I am working on the FXS interface hardware. The Atheros SoC chips have a lot of functionality, but unfortunately don’t have a Time Division Multiplexed (TDM) bus peripheral which is required to connect to the FXS chipset. The current plan is to make a RS232 serial to TDM adaptor, using some programmable logic. Speech samples will flow through the Atheros SoC RS232 serial port to and from the TDM bus.
The software side of the FXS interface involves modifying the serial driver (8250.c in the kernel), to store speech samples in buffers that are then uploaded to user mode for Asterisk. It is important that the interrupt service routine is really fast, so I am bypassing much of the standard serial code and writing a custom ISR.
Over the last few weeks I have written the modified driver and tested it using RS232 signals from a PC. This week I have been designing and testing the hardware side of the interface. This involves writing a bunch of Verilog code, then testing it using a PC based simulator. I am using the (open source) Icarus and GTKwave programs to simulate and visualise the waveforms. It’s much easier to test and debug all this complex logic in simulation form before firing up any hardware.
Over the last few days I have been testing all this logic using a prototype jig:
Two IP04s are used. IP04s happen to have a Xilinx CPLD chip on board that is suitable for running the FXS Interface logic. So on the LH IP04 I reprogrammed the CPLD with the FXS Interface logic. The right hand IP04 in the picture above is used as “life support” for a FXS module. The FXS module runs as per normal on the IP04 but we tap off the various TDM bus signals we need to drive the CPLD on the IP04 on the left.
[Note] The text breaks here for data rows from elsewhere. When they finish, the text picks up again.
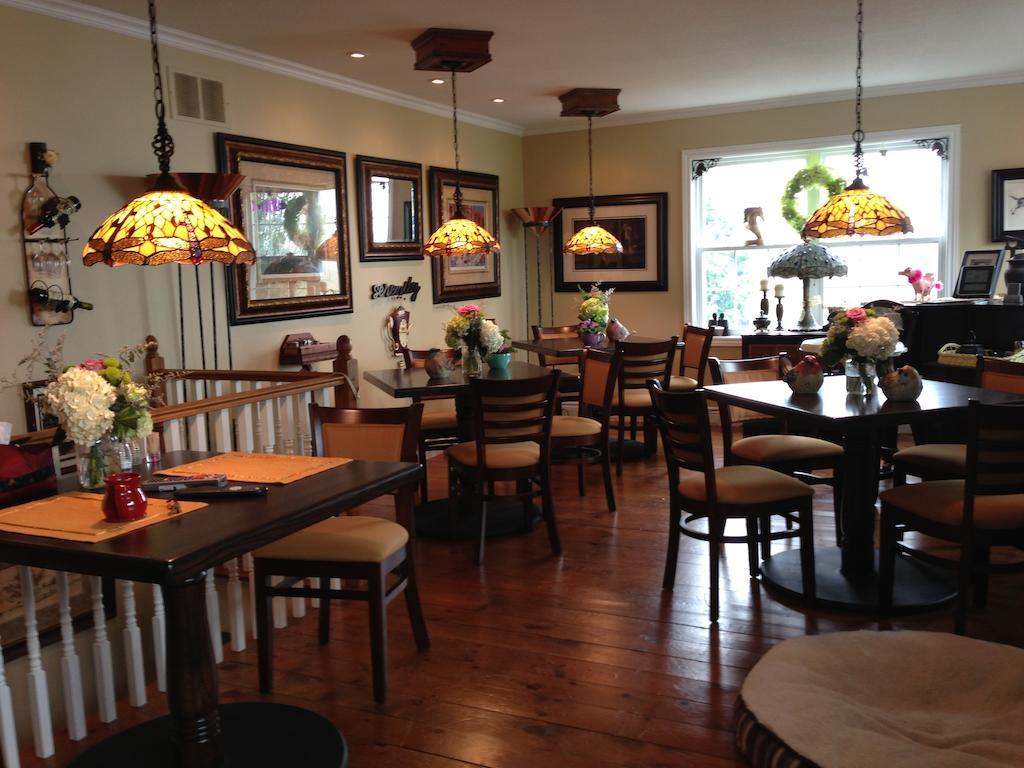 Serenity Ranch Bed & Breakfast Ancaster Luaran gambar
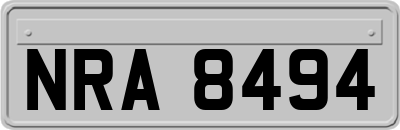 NRA8494
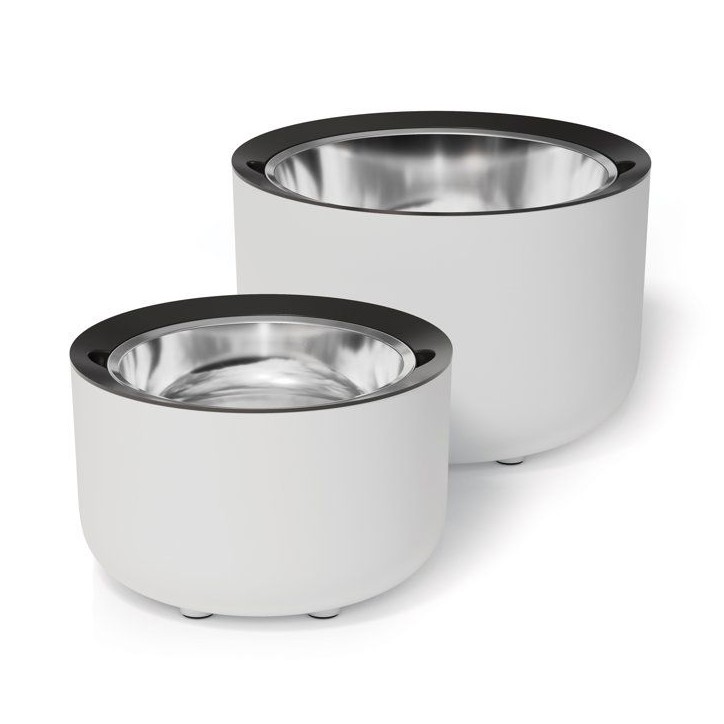 Gamelle lestée pour chiens - ZEUS - Oasis - Capacité 570 mL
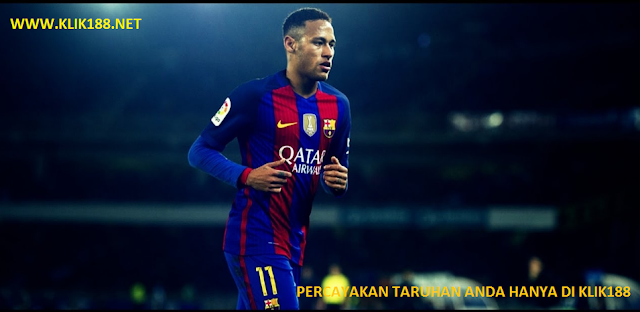 Neymar Akan Mendapat Gaji Tertinggi di Dunia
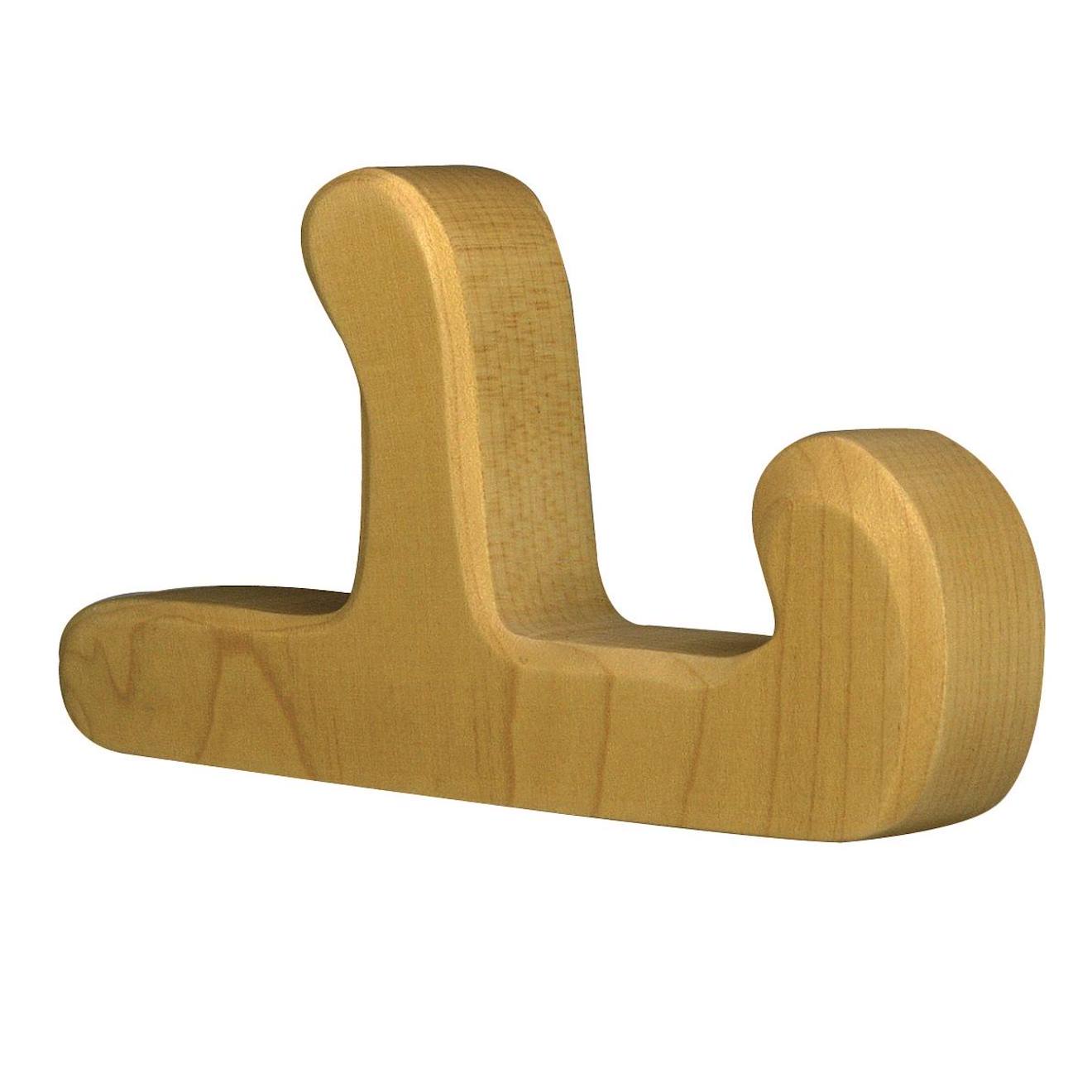 Figurine Traineau Pour Figurine Marron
So to test I can speak into a phone connected to the IP04 and the CPLD does it’s thing with the signals, converting them to and from RS232 serial.
So far I have tested both the receive and transmit side of the FXS Interface by connecting the serial signals to a PC. I managed to sample my own voice by capturing the RS232 bytes to a file and playing it back on my PC’s sound card. So far so good.
Today I have started connecting the FXS Interface to a Nanostation 2. My first tests crashed the Nanonstation! I guess due to something I changed on the serial driver. So time for some debugging……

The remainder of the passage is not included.